Until now, recession meant 10 percent unemployment or less. This time we hit 17%, including a million job losses per month from Nov. 08 to May 09. It's complicated by the fact that the government keeps changing how it calculates unemployment, but controlling for that, it seems clear that we are looking at much worse unemployment now than previous recessions. Depressions have been over 20%. And as public employers continue slashing deep, we could move that way.
Industrial production, exports, and stock markets, all worse than previous recessions. But not hitting levels we had in depressions -- yet.

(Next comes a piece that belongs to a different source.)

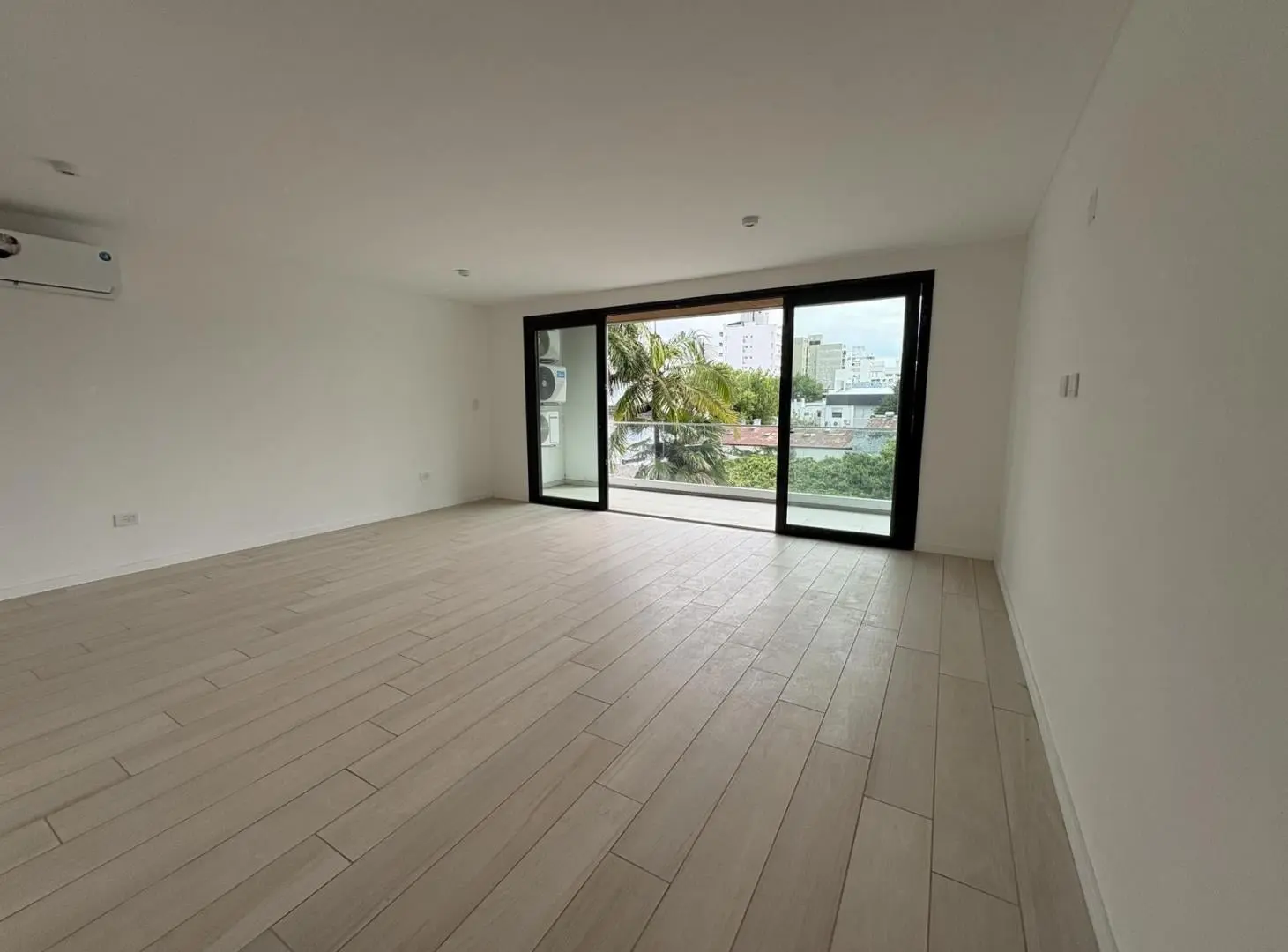 Departamento dos dormitorios en venta La Plata 5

If you want a jolt, read this book.
Thursday, July 15, 2010
Epic Recession
Anybody who reads about the economy who also may happen to work for a living (or try to) ought to notice that Rasmus combines two types of observation that don't often coexist in the same paragraph, like matter and antimatter.

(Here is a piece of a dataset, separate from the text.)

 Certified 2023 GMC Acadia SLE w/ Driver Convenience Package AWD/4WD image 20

El primero is a critical and intelligent look at what other economists are saying, what they skip over, and how we can fill in the blanks. This includes people like Krugman, who's pretty smart, so pegging his blindspot lands Rasmus a sweet starting gate. Also sends up a red flag about Obama's half-uh-way fixes: color them doomed.

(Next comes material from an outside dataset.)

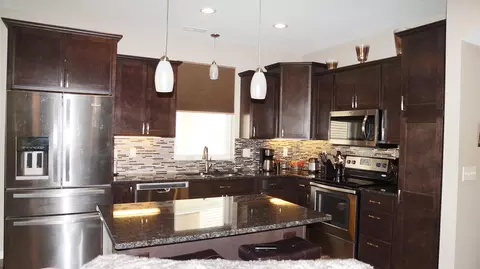 2452 Waterpark Loop SE, Mandan, ND 58554 photo 5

Maybe they'd work if we were in a regular recession, but "epic recession" isn't just a word for a "really bad" one. It's different in some fundamental ways. It's in fact more like the early stages of the d-word.
The recent economy is a house of cards (we noticed) and the Obama gang is just blu-tacking some of the cards together. Maybe it's some of the lower ones, but not even the bottom.
Then, the sin, the thoughtcrime - el secundo - Rasmus pays attention to the man behind the curtain. He must be kicked out of any economists' clubs he's in, because this is bound to designate him Skunk - at - Picnic. He says, the ultimate cause of the antisocial over-zeal for speculation over real investment, over-reliance on debt (and lots of it), und so weiter, is massive accumulation of, well, money among the Richie Riches and the (not unrelated) lack of money on the other side of town.
Funny that it comes back to that, isn't it? And particularly funny when we listen to what the rightwing is still saying about the fix for this mess: lower taxes and regulations and so on, so the rich can make more money and (hocus pocus) create jobs. Only, when they do get a lot of money (meaning a lot more), as in the last 40 years or so, they don't invest it - they play the ponies - er - market. They ... BLOW IT! And when the party's over, the debt unwinds, however you want to say it, they take the whole precarious economy down, not with them, but with their dividends, stock prices, etc. They are still fine. In fact, some of them are sitting even prettier than before - while longterm unemployment continues climbing, unemployment benefits run dry, political sympathy with it, and foreclosures hit ten times the normal rate with only more fun in sight.
Hm, what did Rasmus say this could turn into, again?
Friday, January 1, 2010
Happy New Year
Over 20 million of us Amerischmucks got unemployment in '09, which of course doesn't count millions more who didn't qualify for various reasons, were forced to work only part-time, or dropped off the U-3 rolls when their clocks ran out.
We didn't get out of Iraq, dug in deeper in 'AfPak', didn't let those poor slobs go home from Gitmo - held for years without charge ("land of the free," ya know!), didn't get national health care, single-payer insurance, OR a good solid public option. AND we didn't get a right to unionize. But, hey, at least there was a "jobs summit," right?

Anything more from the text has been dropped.